Ответы на первый и последний вопросы нашлись практически одновременно. «Со всеми остальными надо будет повозиться», — мысленно подытожил Кен.
Улица Руставели
Вернувшись домой после ужина с Кеном, Кристина долго размышляла над его историей. «Что, в сущности, я могу сделать?» — повторила она вслух. Она подошла к окну — ее квартира находилась на седьмом, последнем этаже.

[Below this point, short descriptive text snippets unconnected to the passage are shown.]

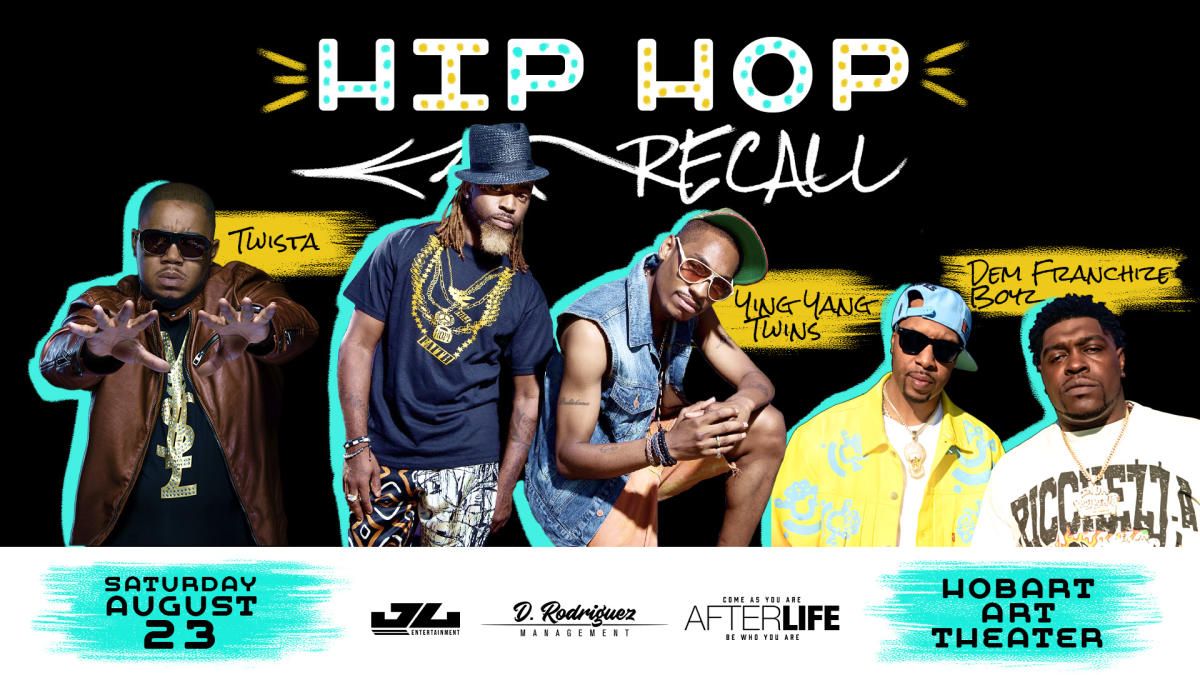 Hip Hop Recall - Ying Yang Twins at Hobart Art Theater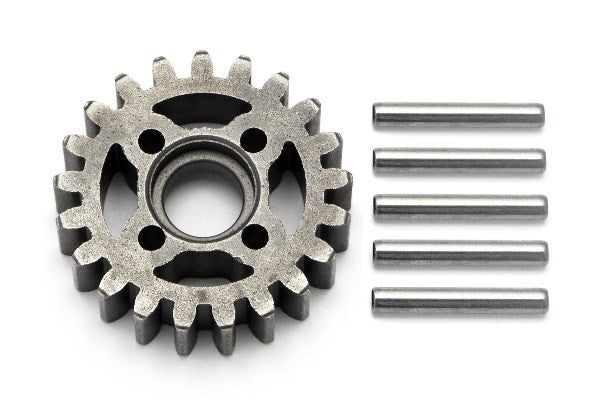 HPI 77061 - PINION GEAR 21 TOOTH (SAVAGE 3 SPEED)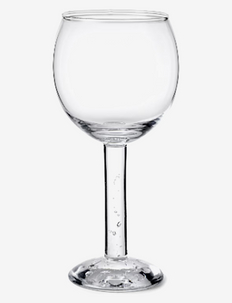 Bubble Glass, Wine, plain top, Louise Roe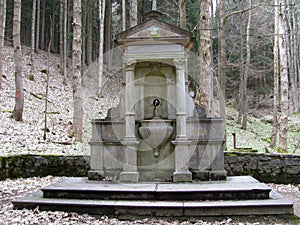 Czechoslovak state baths Jesenik, healing water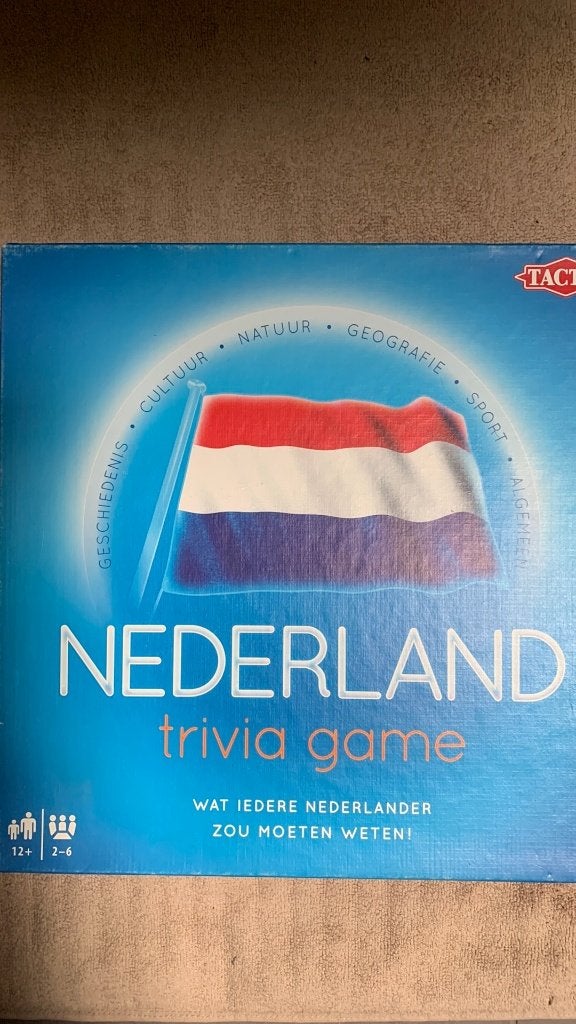 Spel Trivia game, Ophalen of Verzenden, Zo goed als nieuw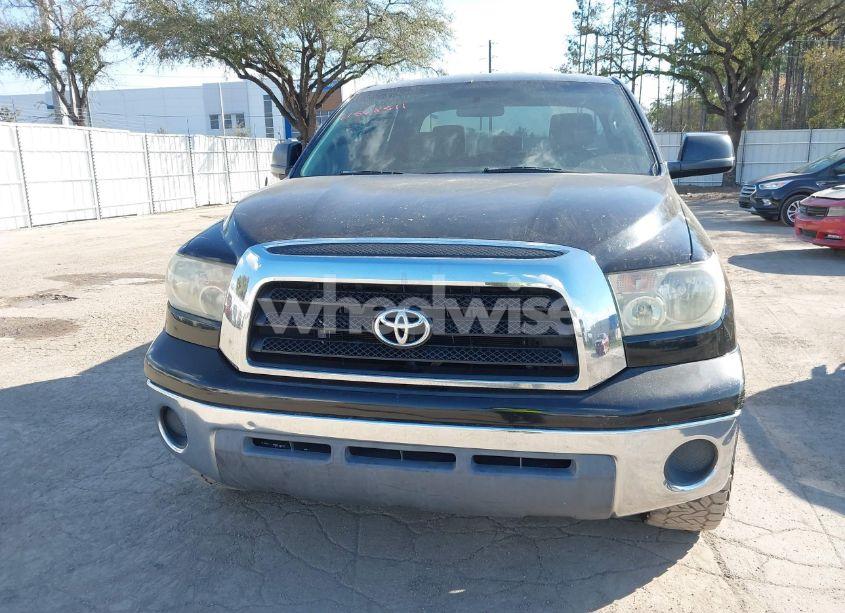 Photo 6 of 2008 Toyota Tundra BASE 5.7L V8 (VIN 5TFRV54108X058914)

За стеклом стояла темнота сталинского квадратного двора, густо заросшего тополями и липами. Сквозь свое двоившееся отражение Кристина видела высохшие ветки, укрытые снегом, уютные желтые окна неведомых соседей, крыши, утыканные телевизионными антеннами, — причудливым рисунком они напоминали карликовые японские сосны. Там, вдалеке, между домами, темное небо дырявила серебряная сосулька «Триумф-Паласа». Было тихо и по-московски уютно.
Огромный огнедышащий мегаполис, как ни удивительно, все еще берег эти островки старой размеренной жизни. В центре — в районе Старосадского переулка, кое-где в Лефортове или в Замоскворечье до сих пор пахло деревом, чаем со свежей булкой и вареньем. Здесь все было лень и отставка. Хотя в домах опальных вельмож и степенных купчин уже давно жили деятельные князья мира сего, сонный дух московского прошлого никак не выветривался отсюда. Он въелся в трещины на желтой штукатурке стен, в кору вековых дубов и лип, в старые крыши, в провалы рассохшегося асфальта, в скрипучие дворовые качели.
Ближе к окраинам московская патриархальность ютилась в сталинских двориках, хранивших крики матерей: «Ваня!», «Саша!», «Петя, домой!». Зимой была обязательно снежная баба, летом мальчишки играли в футбол или гоняли на великах, молодые мамы качали коляски и читали сначала «Новый мир» и Ремарка, а потом Маринину и Донцову. У подъездов неизменно сидели чистенькие старушки в платках и пальто, с лицами, напоминавшими ритуальные маски. Примитивные народы отпугивали такими злых духов.
У каждого московского времени были свои злые духи: шальные девчонки, нагло обтянувшие ляжки запретными брюками — «Во, глянь, пошла, пошла. Бесстыжая! Снять бы портки, да хворостиной! Тьфу!», патлатые парни а-ля «битлы», патлатые парни а-ля Высоцкий с гитарой или серебристой «Электроникой» под мышкой, новые русские сначала на «меринах», потом на джипах, загромоздивших собой весь двор — «Безобразие, людям пройти совсем невозможно стало», бритые парни с литровыми бутылками Очаковского, молчаливые, ссутулившиеся, вечно харкающие и конкретно ссущие.